> [Aim of the task]
Although the entries contain pictures, the copy should hold only their exact text.
Segment Start: Records supplied
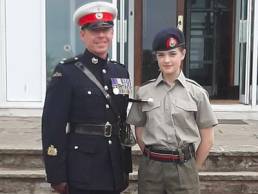 Bea Jackson, Operation BumbleBea Jackson, Operation Bumble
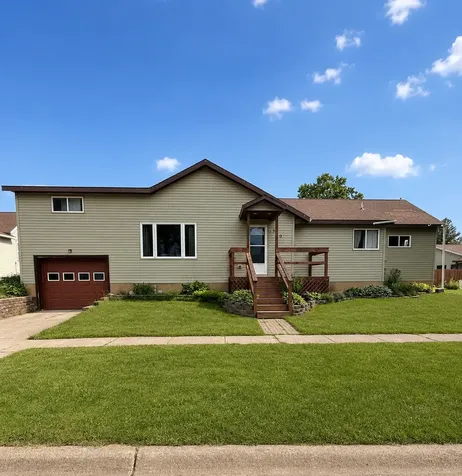 500 Superior Street Milroy MN 56263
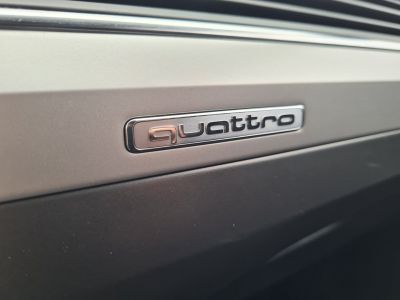 Audi Q7 Gebrauchtwagen Audi Q7 Gebrauchtwagen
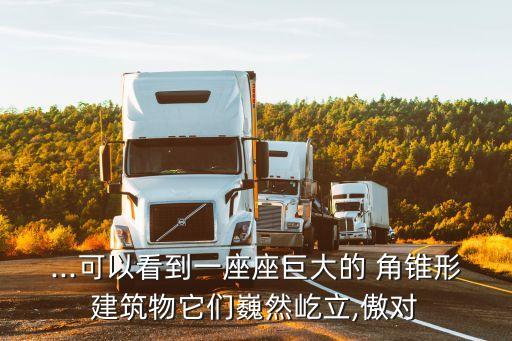 角錐形,三角錐和四面體的區(qū)別是什么?
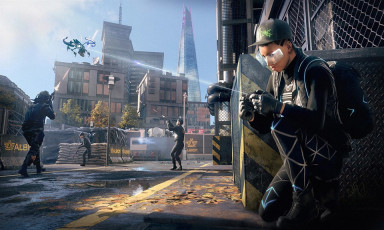 Chế độ chơi online của Watch Dogs: Legion bị hoãn tới 2021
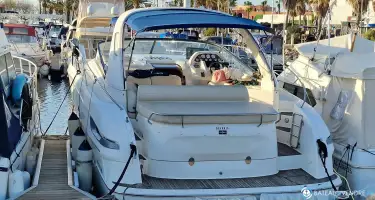 Bavaria  38 Sport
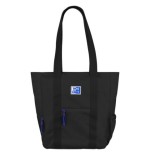 12577-TOTE BAG B-TRENDY OXFBAG RPET NEGRA OXFORD 400174103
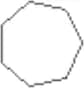 Cycloheptane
Segment End: Records supplied
> [Task result]
 Bea Jackson, Operation BumbleBea Jackson, Operation Bumble
 500 Superior Street Milroy MN 56263
 Audi Q7 Gebrauchtwagen Audi Q7 Gebrauchtwagen
 角錐形,三角錐和四面體的區(qū)別是什么?
 Chế độ chơi online của Watch Dogs: Legion bị hoãn tới 2021
 Bavaria  38 Sport
 12577-TOTE BAG B-TRENDY OXFBAG RPET NEGRA OXFORD 400174103
 Cycloheptane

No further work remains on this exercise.